:: Your instructions ::
Work through the listing below and give again exactly the lines from the one with "SportyBet Nigeria homepage" to the one with "FRILLY LILY Pink", both ends included. All other lines and all pictures stay out.

※

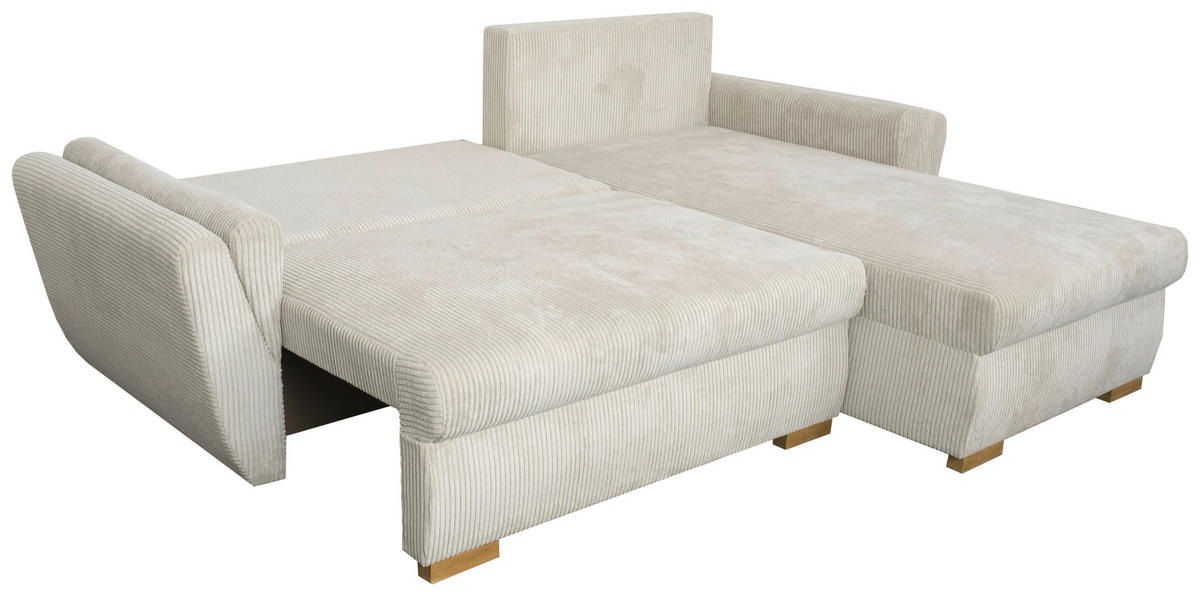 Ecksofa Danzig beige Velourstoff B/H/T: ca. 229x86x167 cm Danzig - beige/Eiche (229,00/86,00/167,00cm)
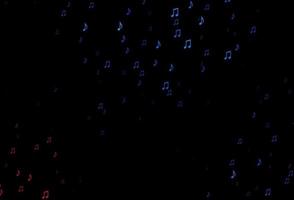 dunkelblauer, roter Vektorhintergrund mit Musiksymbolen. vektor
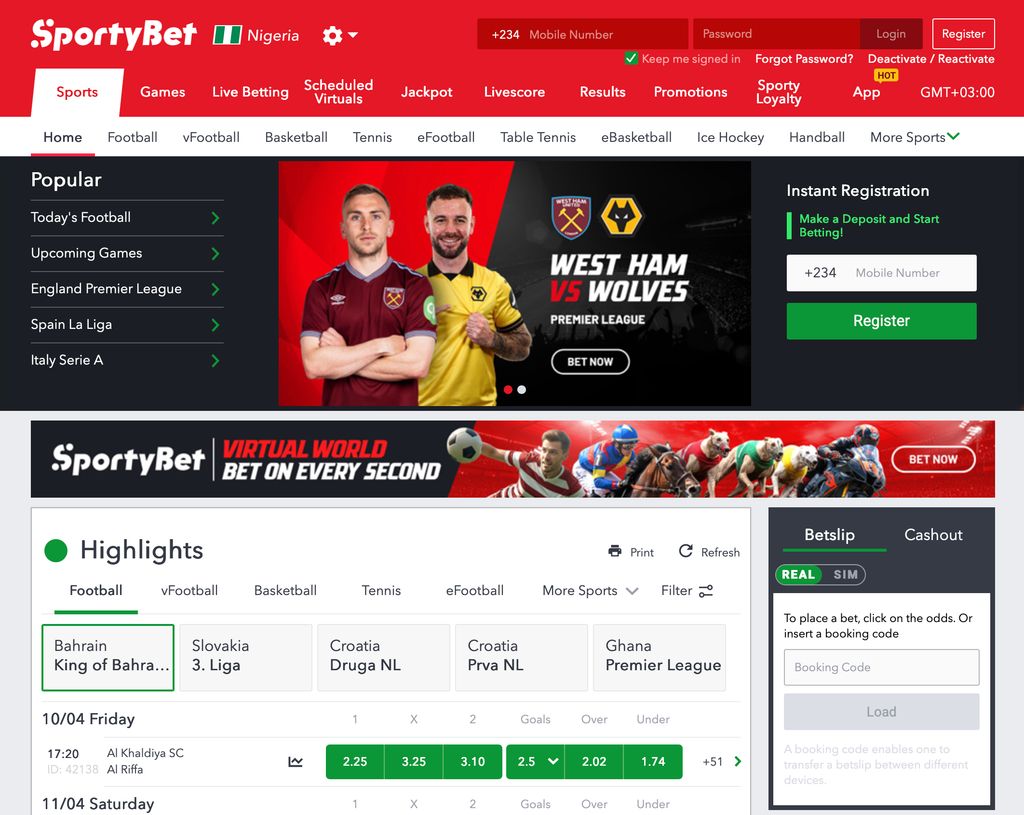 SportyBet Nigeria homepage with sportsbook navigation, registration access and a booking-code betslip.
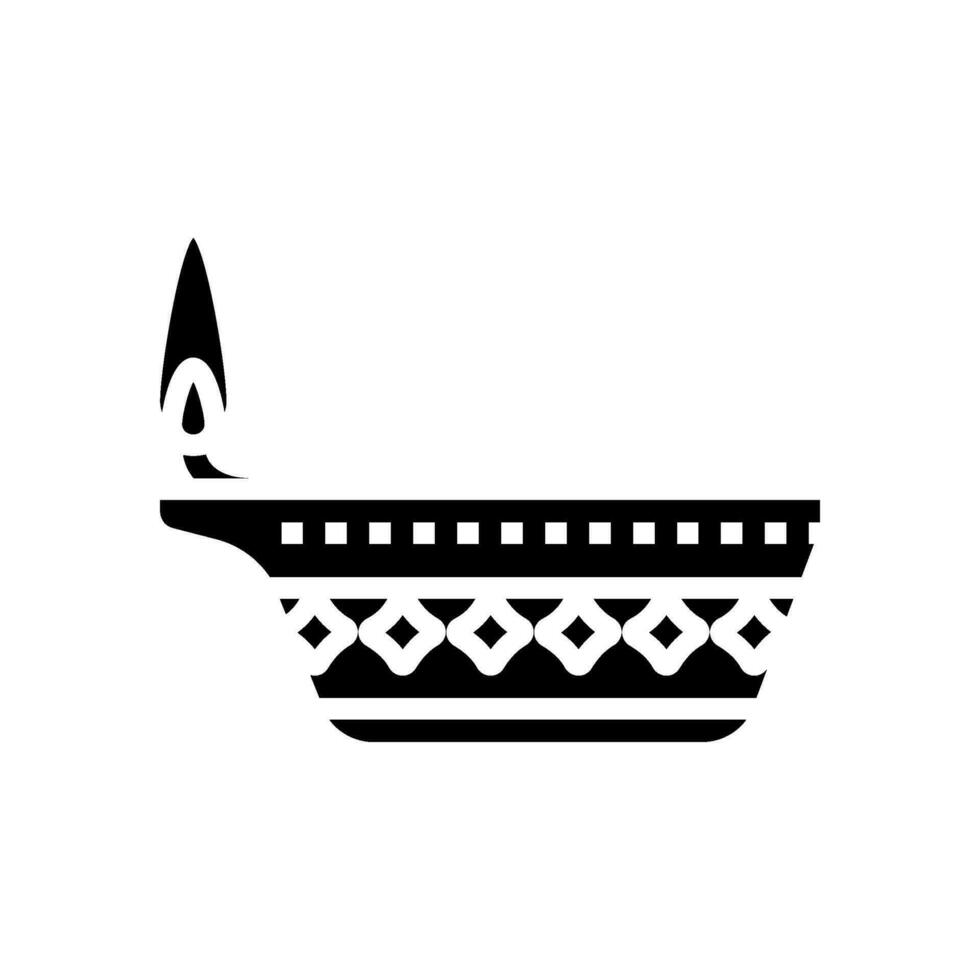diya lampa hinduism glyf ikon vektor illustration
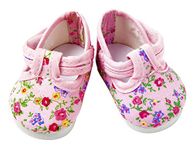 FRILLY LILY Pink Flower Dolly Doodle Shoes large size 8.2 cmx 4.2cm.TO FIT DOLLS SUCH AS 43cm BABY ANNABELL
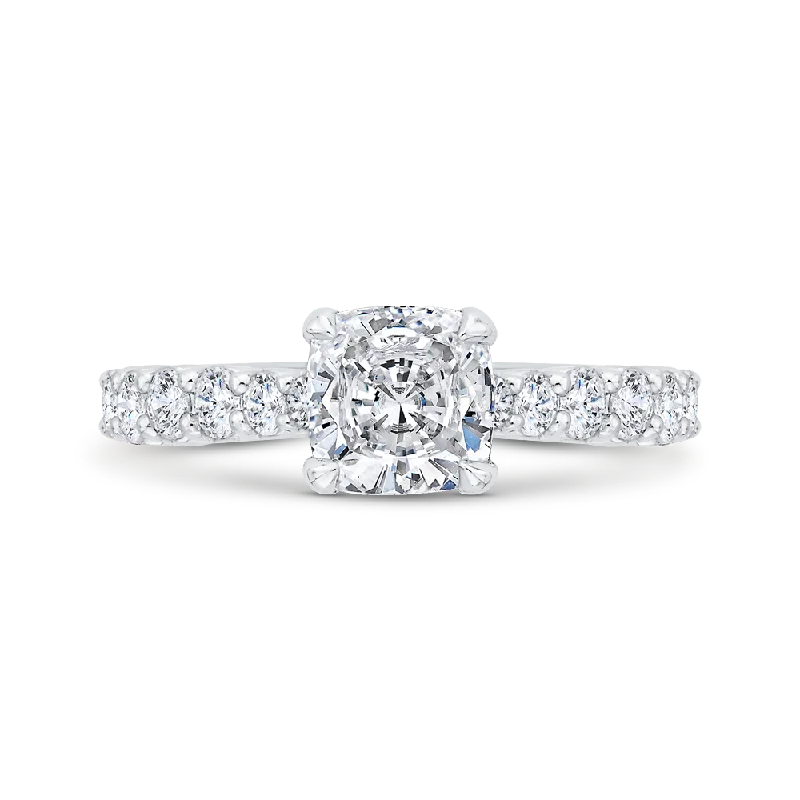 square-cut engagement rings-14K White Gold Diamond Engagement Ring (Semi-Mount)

※

:: Worked solution ::
 SportyBet Nigeria homepage with sportsbook navigation, registration access and a booking-code betslip.
diya lampa hinduism glyf ikon vektor illustration
 FRILLY LILY Pink Flower Dolly Doodle Shoes large size 8.2 cmx 4.2cm.TO FIT DOLLS SUCH AS 43cm BABY ANNABELL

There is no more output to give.